4408 Detroit Ave
Cleveland, OH 44113
Cleveland, OH 44113
It’s hard to just get a burger these days. I mean, it seems like every burger in town has a pretty predictable set of ingredients:
- Grass-fed beef;
- Aged, locally-sourced cheddar cheese;
- Smoked applewood bacon;
- Some variety of cured onions;
- Heirloom tomatoes and organic lettuce;
- Artisinal roll.
Seriously, go into any “foodie” place, the kind of restaurant where bloggers take pictures of their food with DSLR cameras that they leave on Auto, and see how many of these you can tick off. It’s likely that the menu will mention each of these items, and the waiter will, if well-trained, emphasize them in his sales speech. We’re in a sort of Cold War-style burger race now, and the only advantages to be gained are in incremental variations – organic poppyseed rolls, or specialty onions, or restaurant-grown produce, or if the chef brought the cow to your table before slaughtering it and grinding up its meat, perhaps leaving the ear on your table as a trophy.

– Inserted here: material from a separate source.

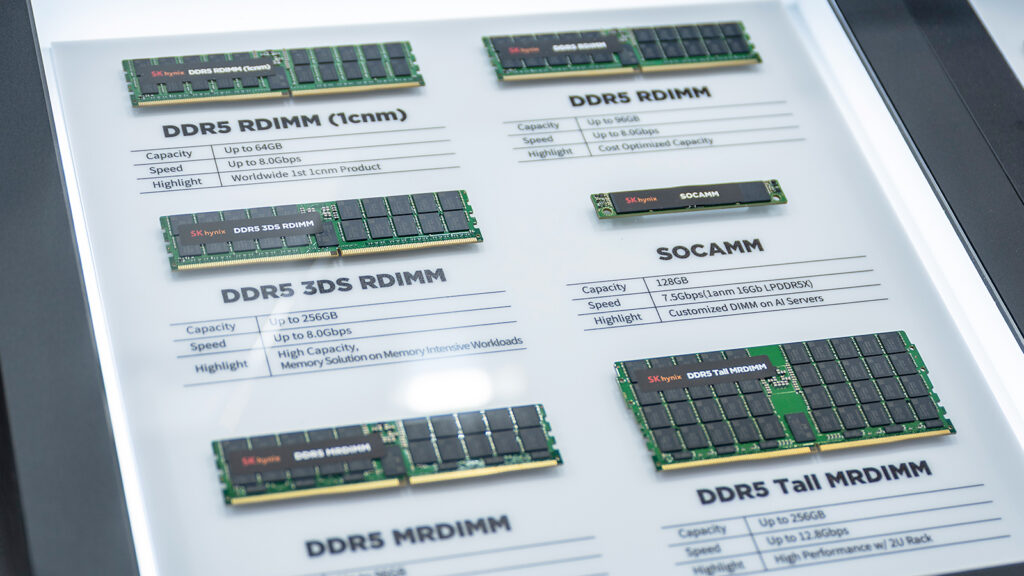 The company’s high-performance server DIMM portfolio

So it’s nice to see a place ignore these Burger Wars and just grill beef, put it together, and trust that it will be fine. The operative word there is “grill.” The burger at the Harp was fine – it was disassembled so I could add all of the produce and condiments I desired. Actually, come to think of it, that’s the first time in a while where the restaurant didn’t assume that they knew best how to make the most delicious burger and that I would love whatever they put together. It was a good burger – the bread soaked up beef juices, the produce was fresh, the cheese was tasty. What set it apart, though, was the last few bites: on one of the ends of the clearly hand-formed patty was a charred bit, still touched with flame.

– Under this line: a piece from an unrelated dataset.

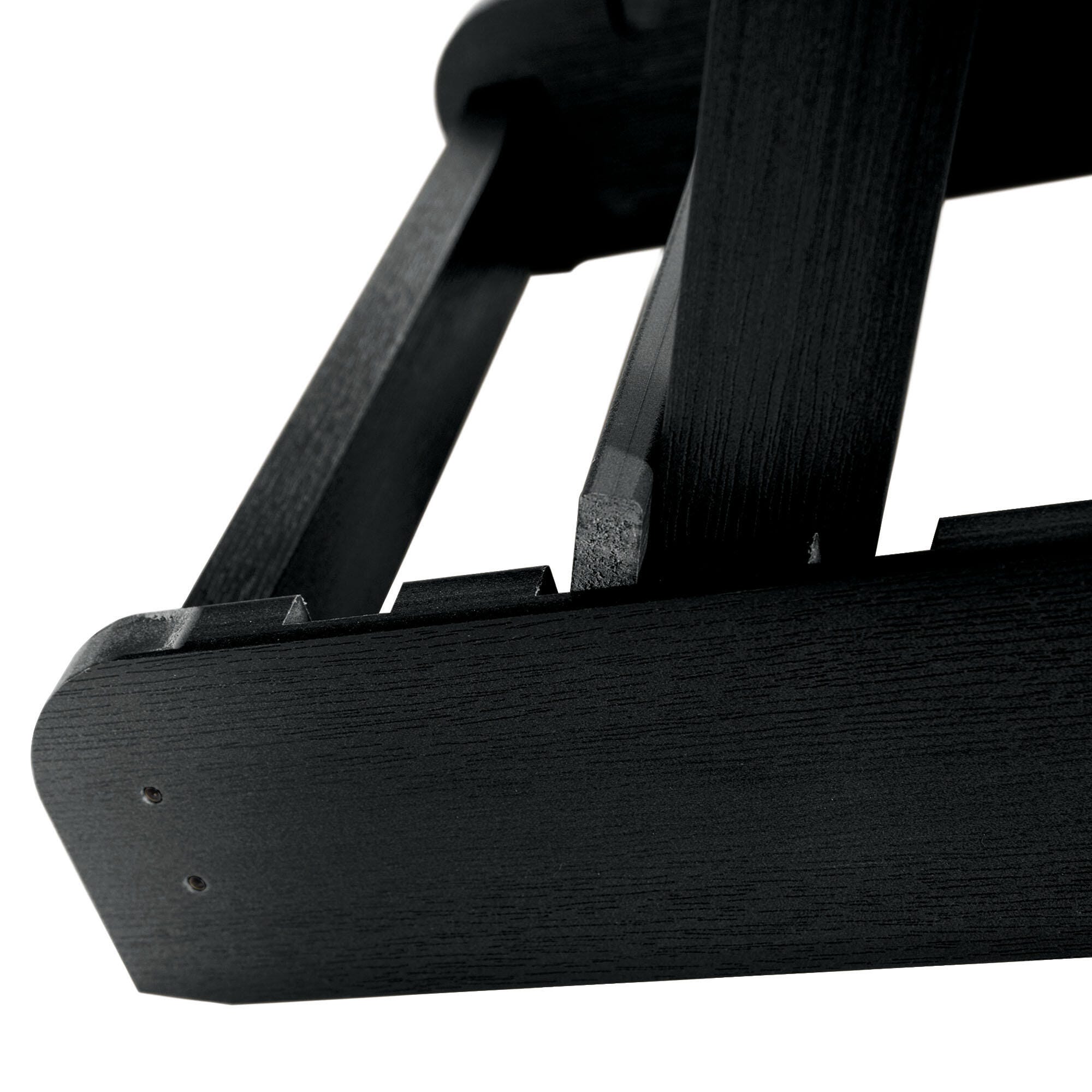 Highwood® Hamilton Outdoor Folding and Reclining Adirondack Chair, Black, large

And that’s what restaurants have forgotten. In their quest to make the most special burger with the most special tastes, they lost the idea that a burger starts out with flame applied to flesh, and that this alchemy still matters to consumers. The Harp hasn’t forgotten, though, and that’s why their burgers, prepared in the traditional manner, are suddenly special and have suddenly won the Burger Wars.